この男はルディのことなどどうでもいいのか、という思いを込めて睨みつけると「そうではありません」とライアスはあっけらかんと言い放った。
なぜ、言いたい事が分かった。といわんばかりのルイザスにライアスは苦笑した。
「とても分かりやすい顔をしていますよ。いつもの冷徹な顔はどこにいったのです?・・・私とて彼女がどうでもいいとは思っておりません。なにせ妹分ですから。・・・ジェスティナも悲しみますしね」
最後にぼそりと付け加えられた声は、それまでよりも小さかった。
次にライアスが視線を向けたのはレーナルトだった。
「王はルナディアが利用されることをどう思っておられるのですか」
「・・・ただ私が何も考えずに彼女を舞踏会に呼んだと思うか?」
「第一に自分の欲望があったのは間違いな・・・」
「何か言ったかルイザス」
「いいえ。何も陛下」
「そうか、ならばいい。・・・私とてそれを必ずしも望んだわけではない。それに先程決まったこと、彼女が了承しない限り押し通すつもりはないという言葉に嘘偽りはない」
淡々としたレーナルトに、ルイザスが鳩が豆鉄砲を食らったような顔になった。
「・・・わかっていたのか!」
こうなることが!ルディが利用されるかもしれないということが!
「このような問題は想定していなかった。ただこの問題を聞かされた時点で、彼女の立ち位置を分かっていなかったといえば嘘になるな」
はっきりとルイザスの眼を見て言い切るレーナルトに、彼は悔しげにその顔を歪めた。
そして未だ兄と呼んだことのない男にもその矛先を向ける。
「・・・貴方は?我が妹を利用することも考えていたのか」
「・・・」
沈黙こそが肯定だった。
しかし彼は次いで小さく首を振った。
「できるならこの件は口にしたくなかったのです。先程も言いましたが、妹分です。

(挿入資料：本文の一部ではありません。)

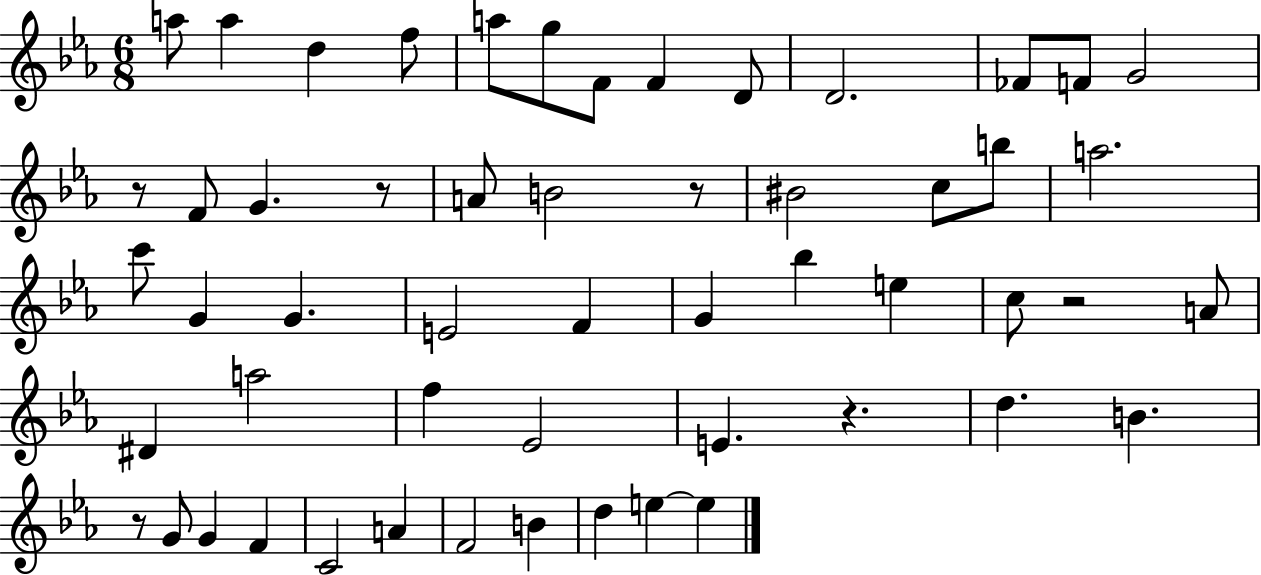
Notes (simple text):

A5/e A5/q D5/q F5/e A5/e G5/e F4/e F4/q D4/e D4/h. FES4/e F4/e G4/h R/e F4/e G4/q. R/e A4/e B4/h R/e BIS4/h C5/e B5/e A5/h. C6/e G4/q G4/q. E4/h F4/q G4/q Bb5/q E5/q C5/e R/h A4/e D#4/q A5/h F5/q Eb4/h E4/q. R/q. D5/q. B4/q. R/e G4/e G4/q F4/q C4/h A4/q F4/h B4/q D5/q E5/q E5/q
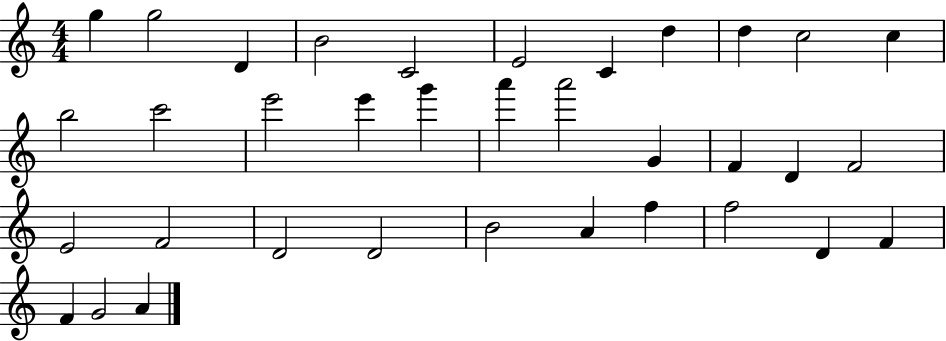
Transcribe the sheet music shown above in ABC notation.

X:1
T:Untitled
M:4/4
L:1/4
K:C
g g2 D B2 C2 E2 C d d c2 c b2 c'2 e'2 e' g' a' a'2 G F D F2 E2 F2 D2 D2 B2 A f f2 D F F G2 A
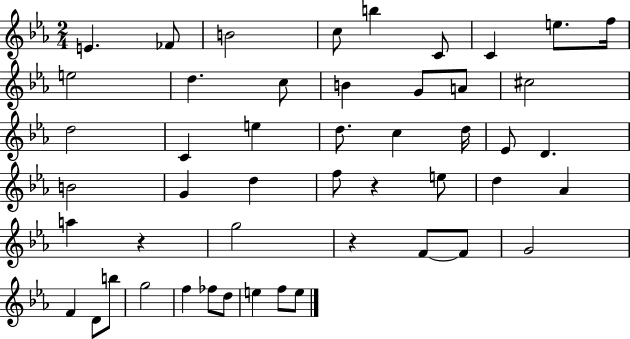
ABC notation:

X:1
T:Untitled
M:2/4
L:1/4
K:Eb
E _F/2 B2 c/2 b C/2 C e/2 f/4 e2 d c/2 B G/2 A/2 ^c2 d2 C e d/2 c d/4 _E/2 D B2 G d f/2 z e/2 d _A a z g2 z F/2 F/2 G2 F D/2 b/2 g2 f _f/2 d/2 e f/2 e/2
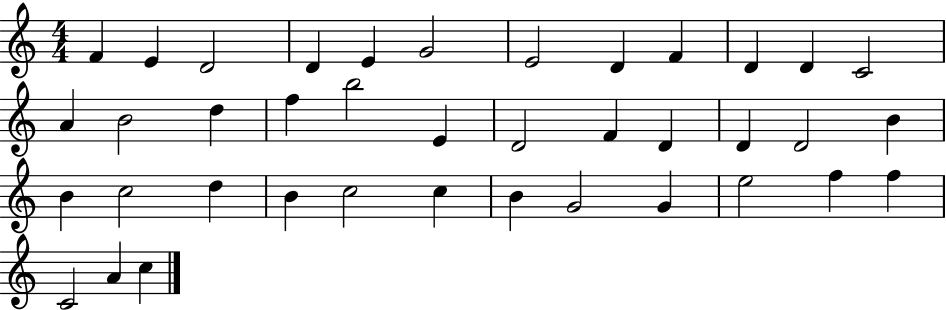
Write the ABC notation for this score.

X:1
T:Untitled
M:4/4
L:1/4
K:C
F E D2 D E G2 E2 D F D D C2 A B2 d f b2 E D2 F D D D2 B B c2 d B c2 c B G2 G e2 f f C2 A c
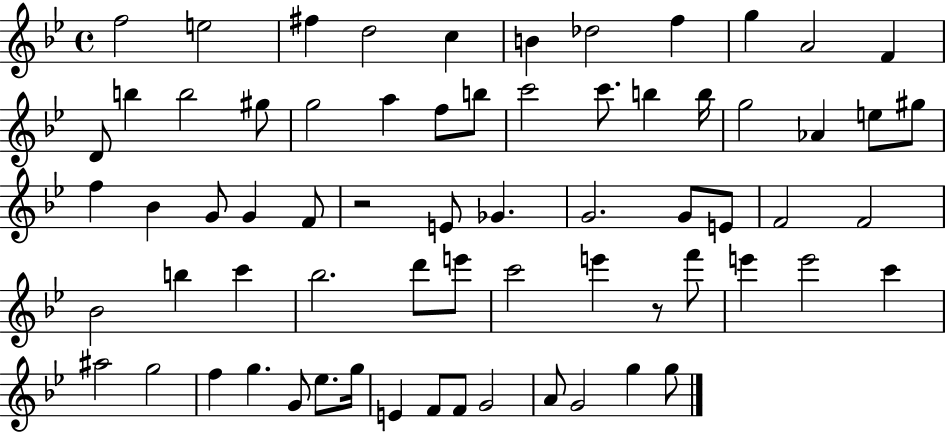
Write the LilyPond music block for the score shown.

{
  \clef treble
  \time 4/4
  \defaultTimeSignature
  \key bes \major
  \repeat volta 2 { f''2 e''2 | fis''4 d''2 c''4 | b'4 des''2 f''4 | g''4 a'2 f'4 | \break d'8 b''4 b''2 gis''8 | g''2 a''4 f''8 b''8 | c'''2 c'''8. b''4 b''16 | g''2 aes'4 e''8 gis''8 | \break f''4 bes'4 g'8 g'4 f'8 | r2 e'8 ges'4. | g'2. g'8 e'8 | f'2 f'2 | \break bes'2 b''4 c'''4 | bes''2. d'''8 e'''8 | c'''2 e'''4 r8 f'''8 | e'''4 e'''2 c'''4 | \break ais''2 g''2 | f''4 g''4. g'8 ees''8. g''16 | e'4 f'8 f'8 g'2 | a'8 g'2 g''4 g''8 | \break } \bar "|."
}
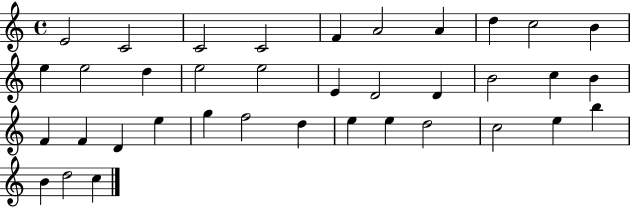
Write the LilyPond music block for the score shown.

{
  \clef treble
  \time 4/4
  \defaultTimeSignature
  \key c \major
  e'2 c'2 | c'2 c'2 | f'4 a'2 a'4 | d''4 c''2 b'4 | \break e''4 e''2 d''4 | e''2 e''2 | e'4 d'2 d'4 | b'2 c''4 b'4 | \break f'4 f'4 d'4 e''4 | g''4 f''2 d''4 | e''4 e''4 d''2 | c''2 e''4 b''4 | \break b'4 d''2 c''4 | \bar "|."
}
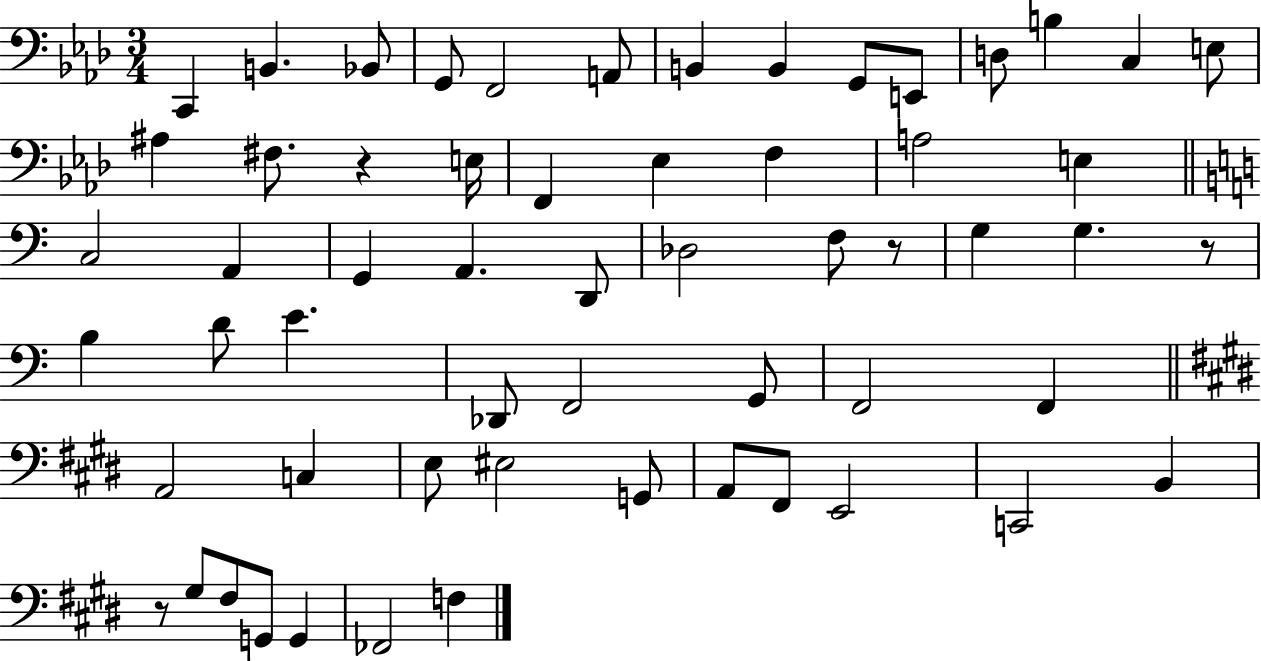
{
  \clef bass
  \numericTimeSignature
  \time 3/4
  \key aes \major
  c,4 b,4. bes,8 | g,8 f,2 a,8 | b,4 b,4 g,8 e,8 | d8 b4 c4 e8 | \break ais4 fis8. r4 e16 | f,4 ees4 f4 | a2 e4 | \bar "||" \break \key a \minor c2 a,4 | g,4 a,4. d,8 | des2 f8 r8 | g4 g4. r8 | \break b4 d'8 e'4. | des,8 f,2 g,8 | f,2 f,4 | \bar "||" \break \key e \major a,2 c4 | e8 eis2 g,8 | a,8 fis,8 e,2 | c,2 b,4 | \break r8 gis8 fis8 g,8 g,4 | fes,2 f4 | \bar "|."
}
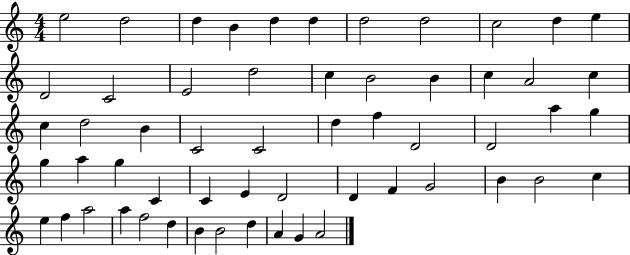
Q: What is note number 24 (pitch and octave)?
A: B4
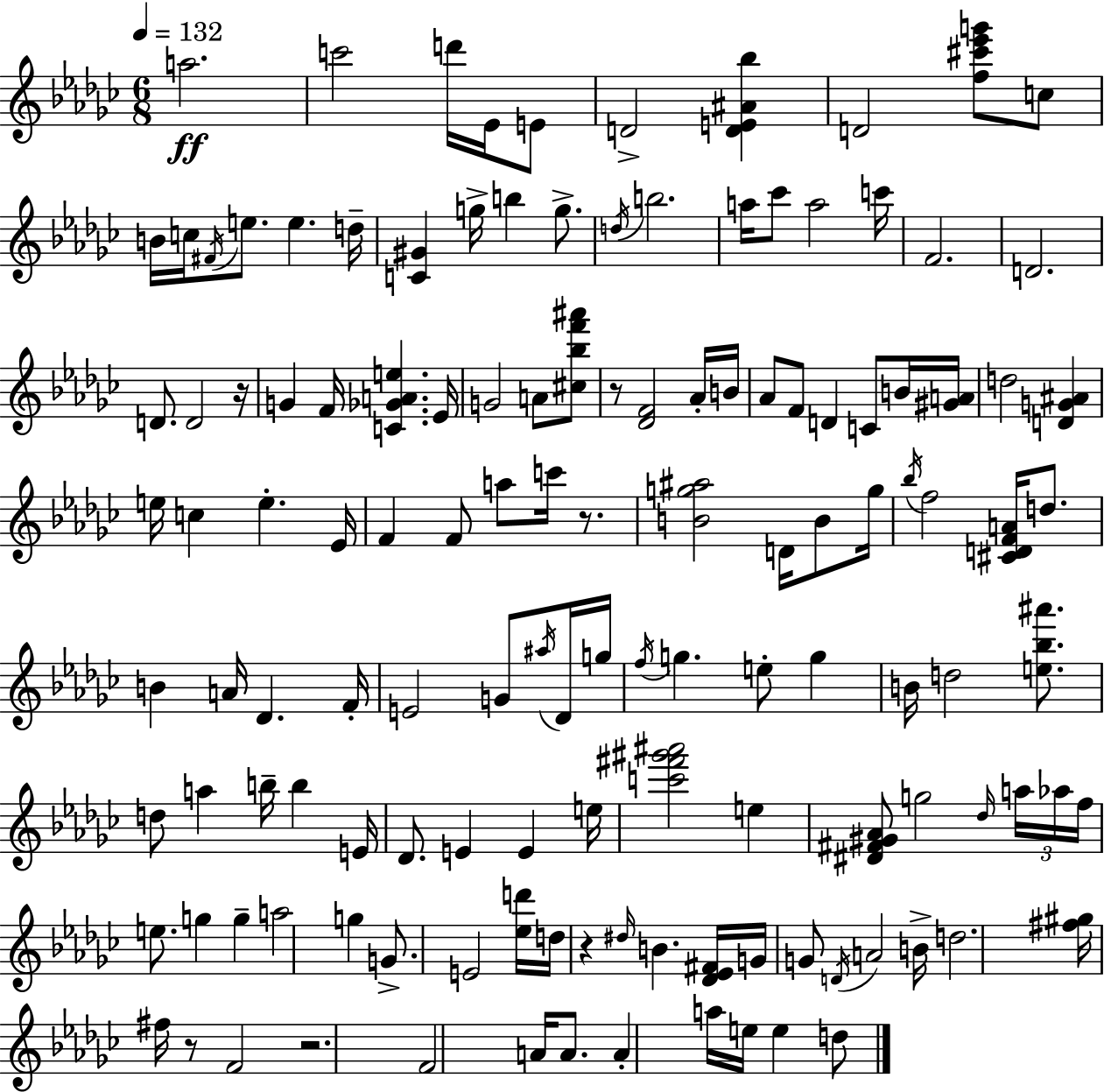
A5/h. C6/h D6/s Eb4/s E4/e D4/h [D4,E4,A#4,Bb5]/q D4/h [F5,C#6,Eb6,G6]/e C5/e B4/s C5/s F#4/s E5/e. E5/q. D5/s [C4,G#4]/q G5/s B5/q G5/e. D5/s B5/h. A5/s CES6/e A5/h C6/s F4/h. D4/h. D4/e. D4/h R/s G4/q F4/s [C4,Gb4,A4,E5]/q. Eb4/s G4/h A4/e [C#5,Bb5,F6,A#6]/e R/e [Db4,F4]/h Ab4/s B4/s Ab4/e F4/e D4/q C4/e B4/s [G#4,A4]/s D5/h [D4,G4,A#4]/q E5/s C5/q E5/q. Eb4/s F4/q F4/e A5/e C6/s R/e. [B4,G5,A#5]/h D4/s B4/e G5/s Bb5/s F5/h [C#4,D4,F4,A4]/s D5/e. B4/q A4/s Db4/q. F4/s E4/h G4/e A#5/s Db4/s G5/s F5/s G5/q. E5/e G5/q B4/s D5/h [E5,Bb5,A#6]/e. D5/e A5/q B5/s B5/q E4/s Db4/e. E4/q E4/q E5/s [C6,F#6,G#6,A#6]/h E5/q [D#4,F#4,G#4,Ab4]/e G5/h Db5/s A5/s Ab5/s F5/s E5/e. G5/q G5/q A5/h G5/q G4/e. E4/h [Eb5,D6]/s D5/s R/q D#5/s B4/q. [Db4,Eb4,F#4]/s G4/s G4/e D4/s A4/h B4/s D5/h. [F#5,G#5]/s F#5/s R/e F4/h R/h. F4/h A4/s A4/e. A4/q A5/s E5/s E5/q D5/e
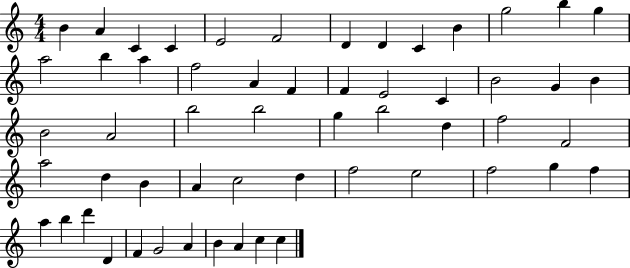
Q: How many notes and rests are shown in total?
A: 56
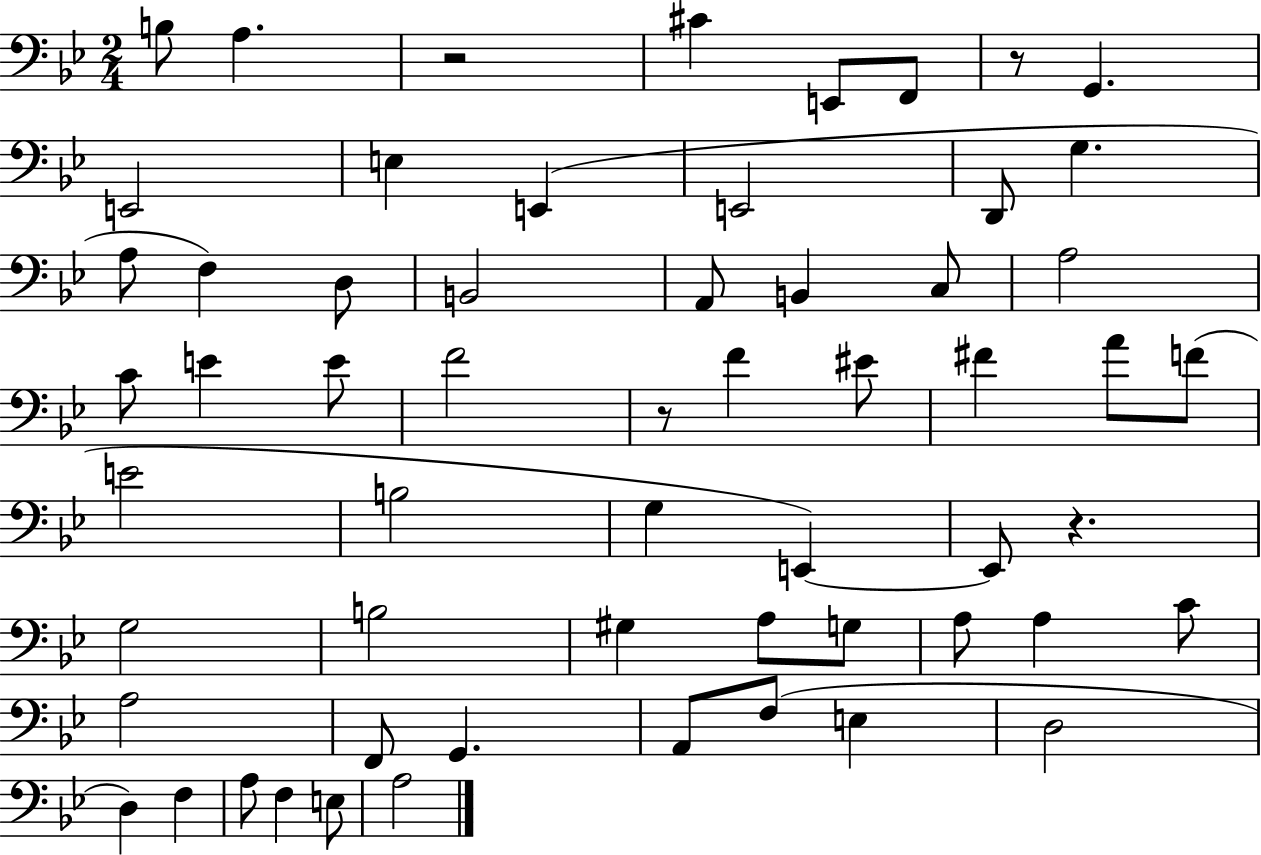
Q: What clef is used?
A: bass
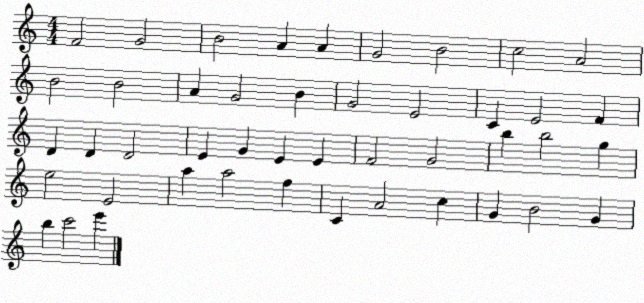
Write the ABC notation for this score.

X:1
T:Untitled
M:4/4
L:1/4
K:C
F2 G2 B2 A A G2 B2 c2 A2 B2 B2 A G2 B G2 E2 C E2 F D D D2 E G E E F2 G2 b b2 g e2 E2 a a2 f C A2 c G B2 G b c'2 e'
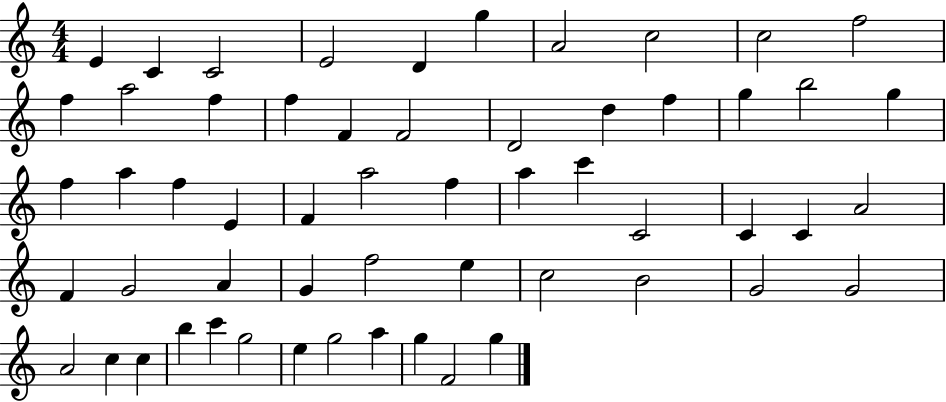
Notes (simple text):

E4/q C4/q C4/h E4/h D4/q G5/q A4/h C5/h C5/h F5/h F5/q A5/h F5/q F5/q F4/q F4/h D4/h D5/q F5/q G5/q B5/h G5/q F5/q A5/q F5/q E4/q F4/q A5/h F5/q A5/q C6/q C4/h C4/q C4/q A4/h F4/q G4/h A4/q G4/q F5/h E5/q C5/h B4/h G4/h G4/h A4/h C5/q C5/q B5/q C6/q G5/h E5/q G5/h A5/q G5/q F4/h G5/q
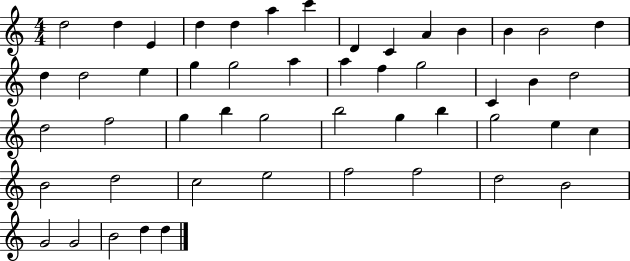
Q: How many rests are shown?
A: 0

それは変わらない事実」
ライアスもどこか苦しげに呟いた。
その二人の様子に、自分だけがわかっていなかったという悔しさか、どろどろとした行き場のない怒りを抱えたルイザスは叫んだ。
「お前はっこのままでいいのか?!ルディを利用するのか!お前は」
「・・・私はルディを愛している」
「その首掻き切ってくれる!」
「待て待て待て待ってください!!!話がそれるっ!!」
レーナルトの言葉に顔を真っ赤にして暴れ出したルイザスをライアスが抑えにかかる。
先程の緊迫した雰囲気はどこへやら。別の緊迫した空気がその場を満たした。
なんという早業。そしてこれを抑えている近衛兵たちを褒めたたえたいとライアスは心から思った。この状況に呆れという感情よりも、何より安心していた。なぜかは彼自身もわかってはいなかった。
レーナルトが立ちがったのを、二人は視線で追う。
「・・・しかし同時に・・・私は王だ」
ルイザスはぴたりと動きを止めた。
静かに言い切ったレーナルトに、彼はまだ何か言いたそうだったが、その口を噛みしめたままだった。
立ち竦んだままの二人にレーナルトは口を開いた。
「・・・もういい、今日はさがれ」
「は」
「ルイザス、先にどうぞ」
「私は近衛です。貴方と王を一瞬たりとも二人きりになどできはしません」
「・・・私としては君と二人きりの方が心配なのですが」
「何をおっしゃる。あいつは少々では死にませんので大丈夫です」
「そういう問題ではなく。あとあいつといっては駄目でしょう」
「あ、言っておきますがルディに手を出したら貴方でも容赦しませんから」
「話を聞け。そして私はジェスティナ一筋です」
「ああ、浮気したら殺されますものね。かなりサクッとやってくれると思いますので、痛みはないと思われます。あ、しかし姉なら苦しんで殺すという選択肢をとるやも・・・」
「・・・否定できない悲しさをなんとしましょう」
何か扉の前で一悶着あったようだが、気にしないようにする。
一人きりになった部屋で王は思う。
舞踏会に呼んだのは、彼女を自分に近づけるためだった。
彼女が病弱だと噂されるようになってからは、どう彼女をこちら側に引き寄せるかを考えあぐねていたが、思いもよらないところで彼女に会い、健康だとしった。
そこからは戸惑わなかった。
後悔はしていない。
今回のことは確かにレーナルトにとっても予想外であった。こんな形で彼女を更に自分の下に引っ張り寄せる事になろうとは。
危険が伴う可能性もある。
それでも恐らく自分は今回の話も、彼女の了承さえ取れれば周りからなんと言われようと押し通すだろう。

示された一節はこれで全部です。